Ovid’s Myth of Pygmalion on Screen explores the reception of a classical myth in contemporary screen culture. Citing Bloom’s work on gender and animation, James notes that the very nature of cinema is Pygmalionesque: moving pictures inevitably bring life to the inanimate.1 She selects a wide range of British and North America films and television series, including canonical movies as well as diverse examples “from cult series to curios in the history of cinema” (34). Throughout the book major themes of patriarchy, sexuality, identity and metamorphoses emerge, while issues surrounding the major question of classical reception remain firmly at the forefront of this study.

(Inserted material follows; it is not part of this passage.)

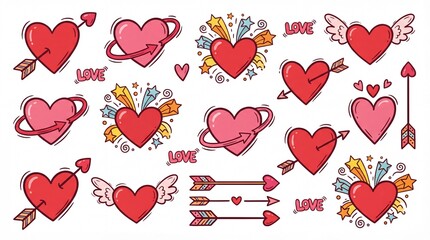 Cute Flat Design Dynamic Love Arrow and Heart Doodle Vector Set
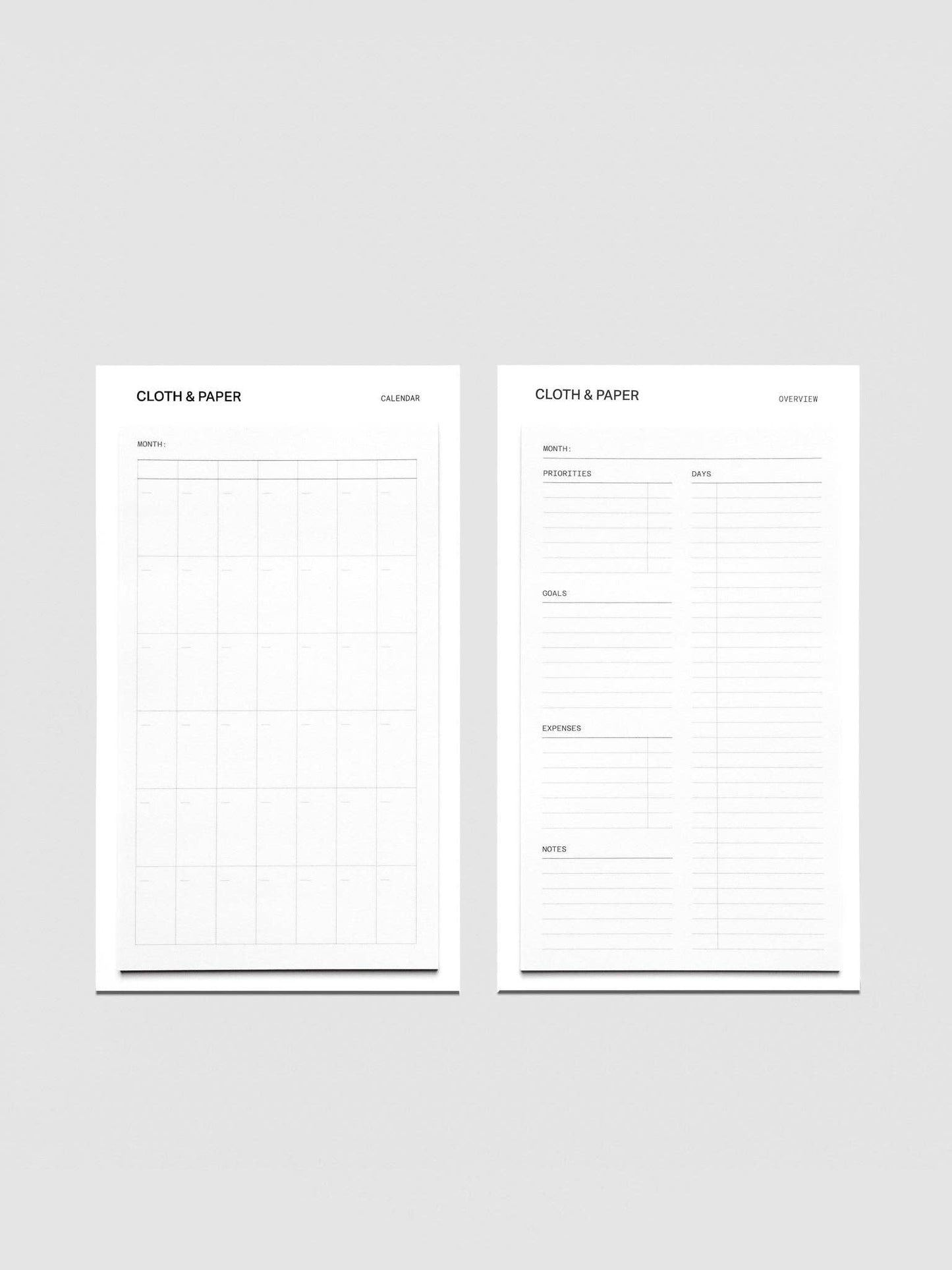 Cloth & Paper - Sticky Note Set - Monthly Overview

James notes that the purpose of reception study is not only to shed light on the receptions themselves, but to look back at the original text through fresh eyes. Accordingly, chapter one begins with an analysis of the Pygmalion episode in Ovid’s Metamorphoses. This episode echoes other transformations throughout the poem, notably those that explore the change from stone to flesh and vice versa. Pygmalion’s choice to create a perfect woman in ivory is motivated by the vices of the real women of Cyprus, the Propoetides, who are themselves turned into stone after they prostituted themselves publically. James returns to the Propoetides a number of times: she suggests that, although marginalized in Ovid’s text, their presence is apparent in the many popular refashionings of the myth. Pointing out that their transformation into stone acts as a precursor to the reverse metamorphoses of Pygmalion’s sculpture, James looks beneath the perfection of the statue for something of her “tarnished sisters” (14). In an intriguing reading of Burne-Jones’s nineteenth-century Pygmalion series of paintings, James identifies the Propoetides as a sculptural group in the background of the artist’s studio and proposes that they may have served as original models for the statue of the virginal young woman that he ultimately sculpts.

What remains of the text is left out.